◆ **Recorded information**:
[Start of Attachment]
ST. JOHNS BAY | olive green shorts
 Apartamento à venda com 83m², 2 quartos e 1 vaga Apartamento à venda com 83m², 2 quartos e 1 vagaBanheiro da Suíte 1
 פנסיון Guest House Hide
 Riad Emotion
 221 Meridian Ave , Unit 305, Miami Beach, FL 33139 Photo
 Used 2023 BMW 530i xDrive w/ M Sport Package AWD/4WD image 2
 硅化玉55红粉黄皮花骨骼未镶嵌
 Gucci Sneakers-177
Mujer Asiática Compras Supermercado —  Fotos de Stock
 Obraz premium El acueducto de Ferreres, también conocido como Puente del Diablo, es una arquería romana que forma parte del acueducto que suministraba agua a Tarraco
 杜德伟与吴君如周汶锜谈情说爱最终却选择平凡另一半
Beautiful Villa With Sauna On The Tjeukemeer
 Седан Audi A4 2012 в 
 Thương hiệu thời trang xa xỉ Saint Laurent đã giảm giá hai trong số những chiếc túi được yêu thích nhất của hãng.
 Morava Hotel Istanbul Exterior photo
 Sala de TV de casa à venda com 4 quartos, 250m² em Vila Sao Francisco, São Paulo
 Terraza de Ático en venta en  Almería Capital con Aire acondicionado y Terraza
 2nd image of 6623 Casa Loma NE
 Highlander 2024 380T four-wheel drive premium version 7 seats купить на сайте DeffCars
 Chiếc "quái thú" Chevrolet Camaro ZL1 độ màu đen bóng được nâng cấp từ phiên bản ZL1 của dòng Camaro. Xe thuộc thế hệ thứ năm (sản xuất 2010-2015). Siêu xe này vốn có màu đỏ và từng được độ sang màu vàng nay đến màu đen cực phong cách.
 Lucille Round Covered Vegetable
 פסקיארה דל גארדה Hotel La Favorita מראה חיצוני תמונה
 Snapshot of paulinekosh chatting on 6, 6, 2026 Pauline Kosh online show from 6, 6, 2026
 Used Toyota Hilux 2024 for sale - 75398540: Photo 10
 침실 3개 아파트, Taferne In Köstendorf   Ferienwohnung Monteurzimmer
[End of Attachment]
◆ **Goal of the exercise**: Each line above with the string "được" in it should be located and copied.

◆ **Reply**:
 Thương hiệu thời trang xa xỉ Saint Laurent đã giảm giá hai trong số những chiếc túi được yêu thích nhất của hãng.
 Chiếc "quái thú" Chevrolet Camaro ZL1 độ màu đen bóng được nâng cấp từ phiên bản ZL1 của dòng Camaro. Xe thuộc thế hệ thứ năm (sản xuất 2010-2015). Siêu xe này vốn có màu đỏ và từng được độ sang màu vàng nay đến màu đen cực phong cách.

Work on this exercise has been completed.